※お客様から税理士試験の合格祝いに頂いたチョコレート、感謝です(^.^)
1次相続では相続税0円だが...
最近聞いた話の中で、法人の社長が亡くなり、社長の息子さんがいつも接している顧問の税理士さんに相続税申告をお願いしたところ、「配偶者に全財産を相続させれば相続税はかかりませんよ。」ということで、その内容で相続税申告をしたそうです。
ところが、数年後に社長の奥様が亡くなり、息子様が再び、いつもの税理士さんに相続税申告をお願いしたところ、想定外の多額の相続税がかかりそうだと。
社長、奥様、息子様1人を前提にしています。
この話、まさか本当にあるとは思いませんでしたが、あるようです(T_T)
この税理士さんは、最初の相続だけを考えて、社長の奥様が亡くなる2次相続のことまでは考えていなかったのでしょう。
社長が亡くなり、奥様が相続する時には、財産額1億6千万円か法定相続分(奥様と息子様が相続人なら1/2)までは、確かに奥様については相続税を0円にできます。

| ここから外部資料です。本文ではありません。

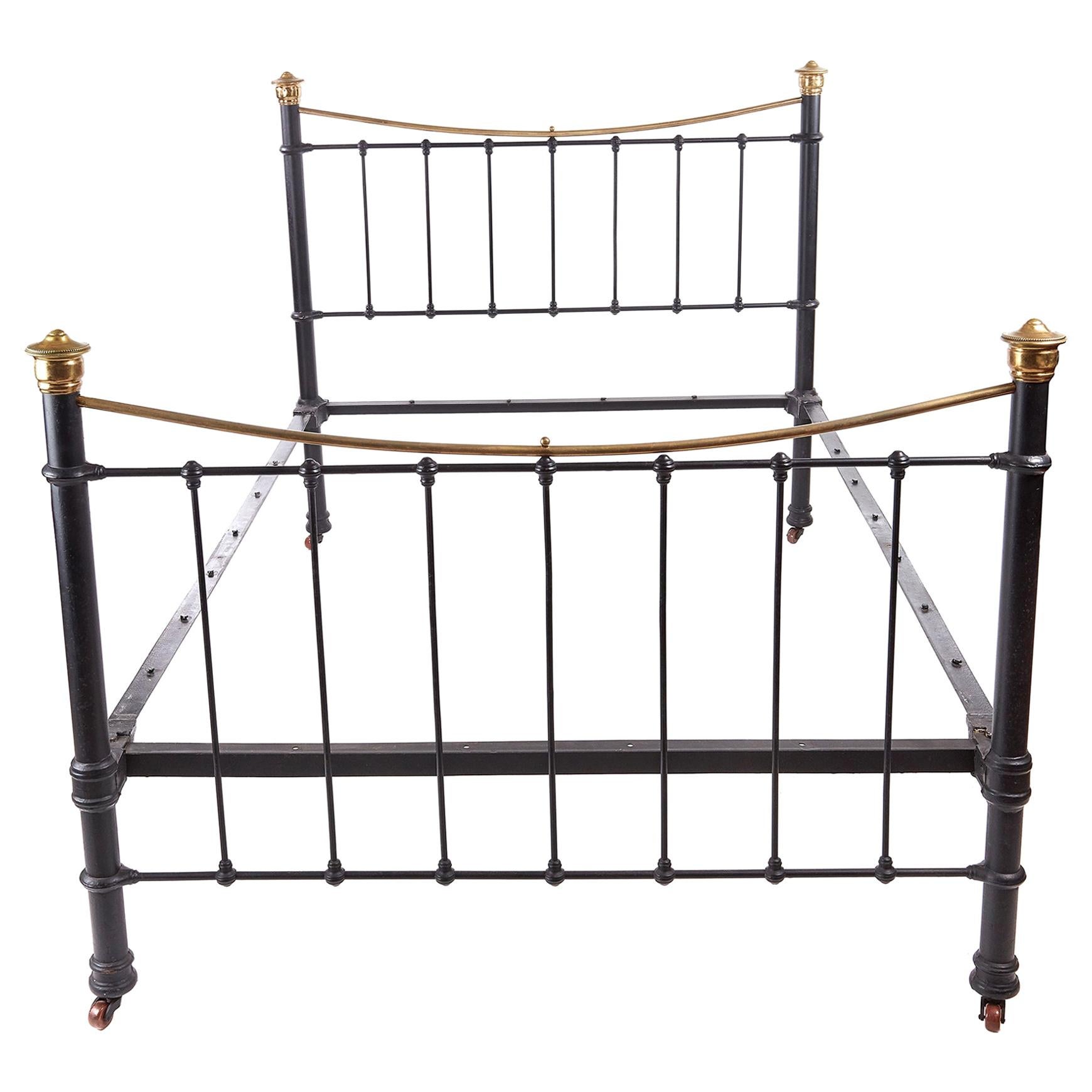 Antique Victorian 19th Century Brass and Iron Bed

これを配偶者の税額軽減といいます。
しかし、それだけで奥様に全財産を相続させると、奥様が亡くなった後の2次相続では、息子様に多額の相続税がかかることになるのです!
2次相続では配偶者の税額軽減は無い
上記のケースで、奥様が亡くなった2次相続では息子様の多額の相続税がかかることになるのが通常です。
奥様が亡くなった2次相続においては、配偶者はいないため、減税効果のめちゃめちゃ大きい「配偶者の税額軽減」という制度が使えないからです。
社長死亡時の1次相続で、社長の全財産が奥様のものになり、奥様のもともとの財産+社長の全財産が、奥様死亡時の2次相続の段階で、息子様にダイレクトに相続税がかかってくるという恐ろしい状況です(゚Д゚;)
1次相続で、配偶者の税額軽減を使って申告しているため、残念ながら時すでに遅し。
2次相続まで考えて財産分けをしよう
上記のケースでは、2次相続まで考えて財産分けをしなかった事が原因です。
1次相続で奥様が相続する財産、息子様が相続する財産については、2次相続までのトータルの税額を参考にして決めていくべきだと思います。
もちろん、税額だけではなく、被相続人の思い、相続人のライフプランを軸に考える必要もあります。
自宅は誰が今後住むのか、売却するのか、社長亡き後の奥様の生活費はどの程度必要か、老人ホームなどの施設に入るのか、息子様が介護をする可能性があるのか、社長の事業は引き継ぐのか、廃業するのか等、考えるべきことは多岐にわたります。
生前から、社長亡き後の事について、相続人を含めて話し合い、相続税の事のみならず、方向性を固めていくことが重要です。